Two streams of traffic are run to each STA:
- iperf3, unlimited TCP/IP, 5 parallel connections.
- ping (200 ms interval). Ping direction is from STA to DUT to WAN-side traffic generator
The test sequence is:
- Move the turntable to starting position. This places the DUT at the "0 degree" starting position previously described.
- Set the attenuators to 0 dB.
- Associate the STAs to each DUT radio.
- Run traffic for 300 seconds (5 minutes).
- Discard first 5 seconds of iperf3 data, calculate average of remaining data.

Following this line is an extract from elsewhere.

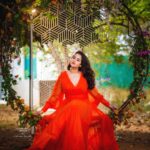 Deepthi Sunaina Instagram - Normalise changing your opinion on something after learning facts. 🤝 . . . . . .. . . . . . Outfit: @navya.marouthu PC: @sandeepgudalaphotography Location: @thedramaland MUA: @panduchalapati #deepthisunaina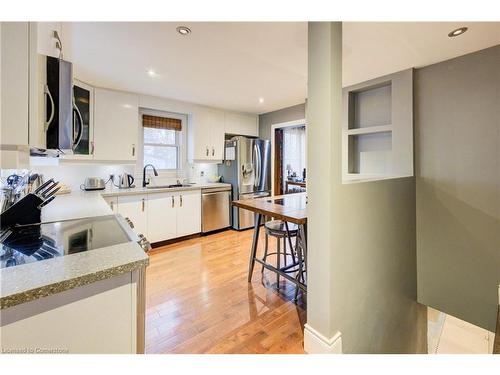 118 College Street, Kitchener, ON - Indoor Photo Showing Kitchen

TCP/IP traffic is run downlink; ping traffic is run uplink.
The following benchmarks are produced by this test for each band tested:
- Multiband Throughput – Downlink
- Multiband Latency Score – Average
- Multiband Latency Score 90th Percentile – Uplink
The benchmark values published are Multiband Latency Score = (1 / Measured delay in ms) x 1000, with higher values being better. This inverts and scales latency values so that they may be properly ranked, since the ranker always sorts values from high to low. To convert back to milliseconds, calculate 1 / (score / 1000).
Since Wi-Fi latency typically varies (sometimes a lot!), both average and 90th percentile values are recorded. The difference between these values provides a good indication of latency variation.
The default chart view shows the average of values recorded for each band tested. Values for each band can also be viewed and plotted.